The ‘SB’ stood for Suzuki/Bimota. It signalled Bimota’s standard practice of incorporating other marques’ engines into its own bespoke chassis. In the case of the SB2, power was provided by the Suzuki GS750. The 8-valve inline-four motor peaked at 68bhp. That gave the the SB2 a top speed of 130mph. Credit was also due to its slippery lines. A dry weight of just 440lb sealed the high-speed deal. This was still the Seventies, do not forget.

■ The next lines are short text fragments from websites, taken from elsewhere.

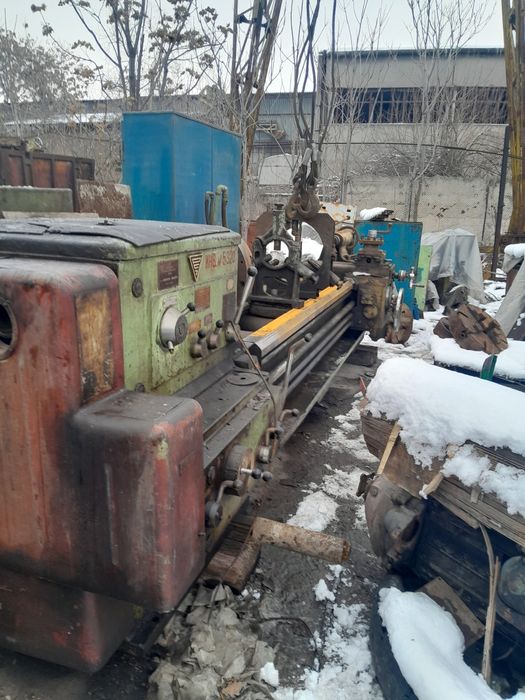 Токарный станок 1 М63 дип-300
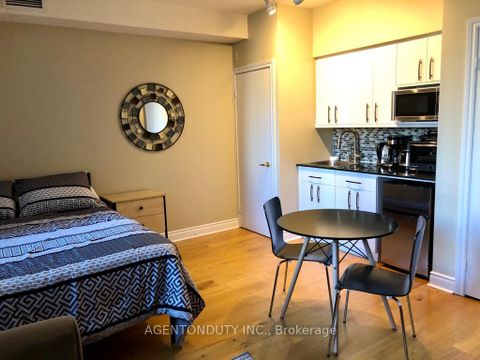 Photo 5 at 407 - 73 Richmond Street W, Bay Street Corridor, Toronto
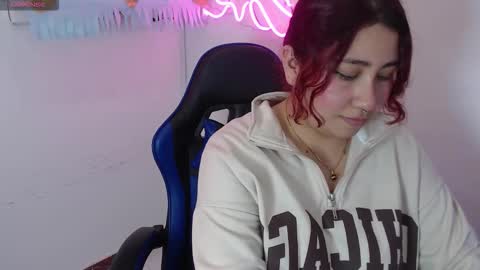 Angel  online show from November 11, 9:34 pm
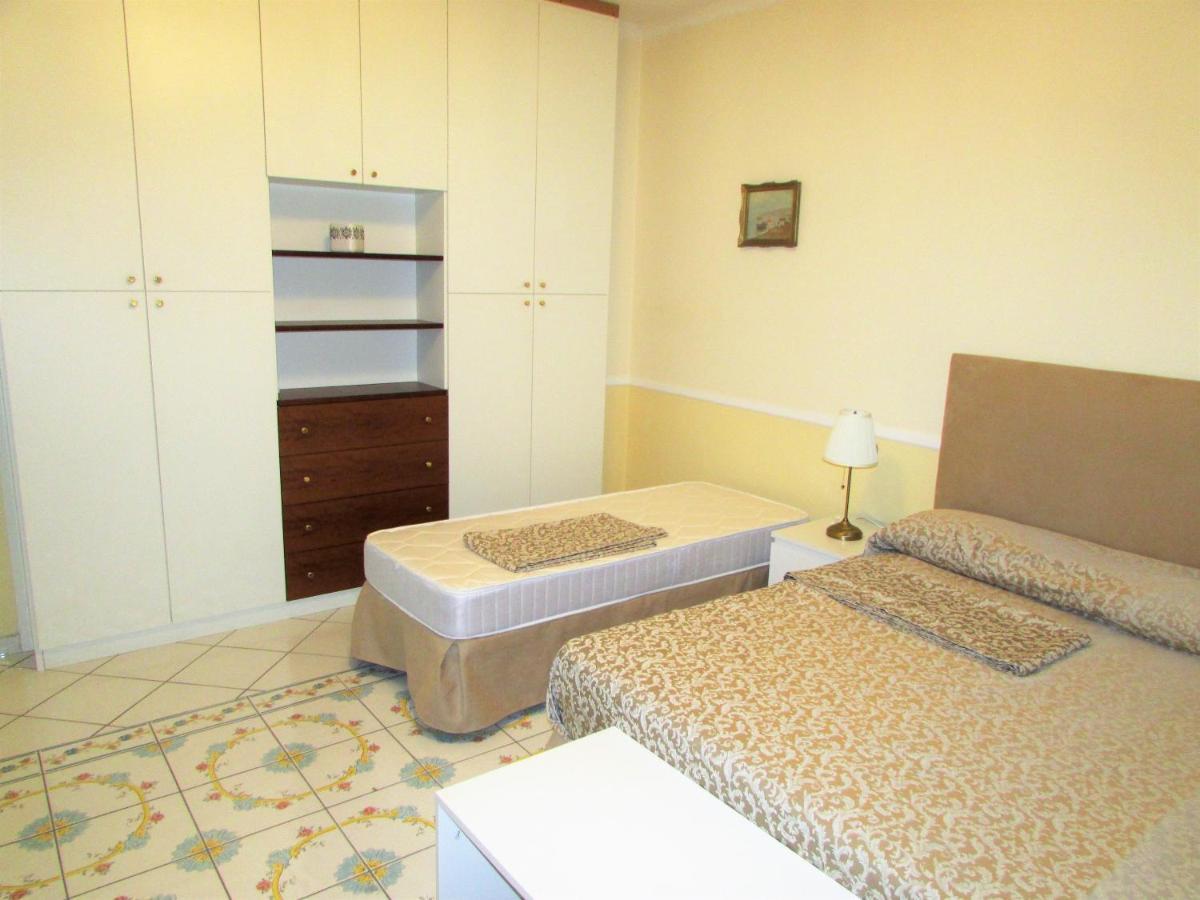 Pagina Storica Di Napoli Apartman Kültér fotó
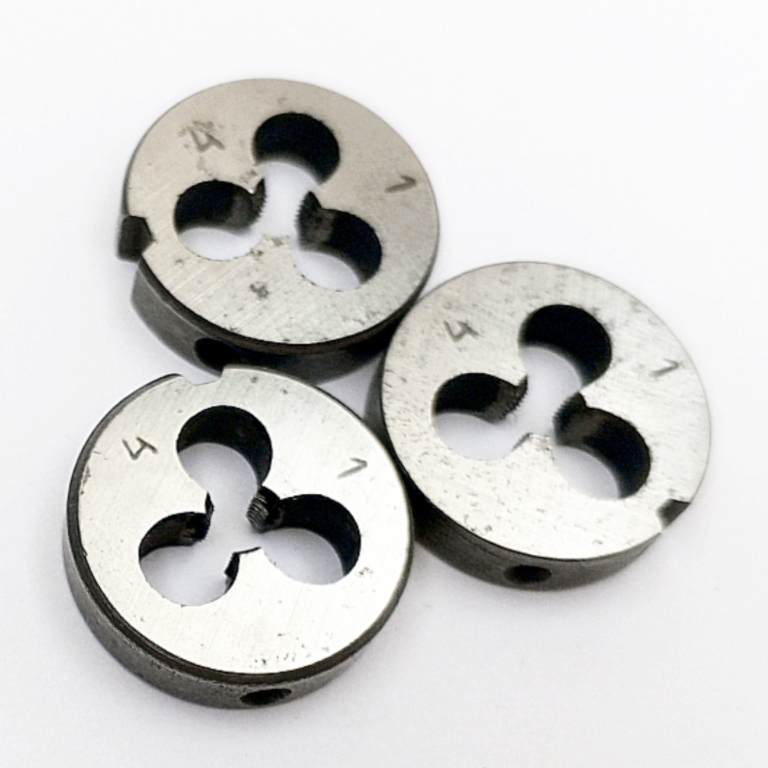 Плашка М4,0х0,5 9ХС (D20мм, L5мм) ГОСТ 9740-71 (компл-т из 3шт)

The driving force behind the SB2 was Massimo Tamburini. He had been a Bimota co-founder. Tamburini fitted the ‘legendary engineer’ bill to a tee. In his time, he had designed chassis for 250 and 350cc World Championship-winning bikes. In ’77, Tamburini tipped his technical brilliance into the new Bimota. It was a gimme, then, that the SB2 would handle as well as it went. Ceriani telescopic forks – and a first-of-its-kind rear monoshock – did the business suspension-wise. They were duly hitched up to a tubular steel space-frame. The monoshock alone separated the SB2 from its rivals … in every sense of the word!
First and foremost, though, a Bimota is about style. As befits a firm from Rimini, Italy. Certainly, the SB2 ran true to form, in that regard. Its bodywork wrote the book on ‘swoopy’. The tank protector/seat was a self-supporting one-piece – which saved the weight of a subframe. That innovation – like the rising-rate rear shock – would subsequently be seen on mass-produced machines. So, Bimota – that consummate special-builder – had done what it did best. In the beguiling form of the SB2, it merged dynamite design and top-drawer technology. Again!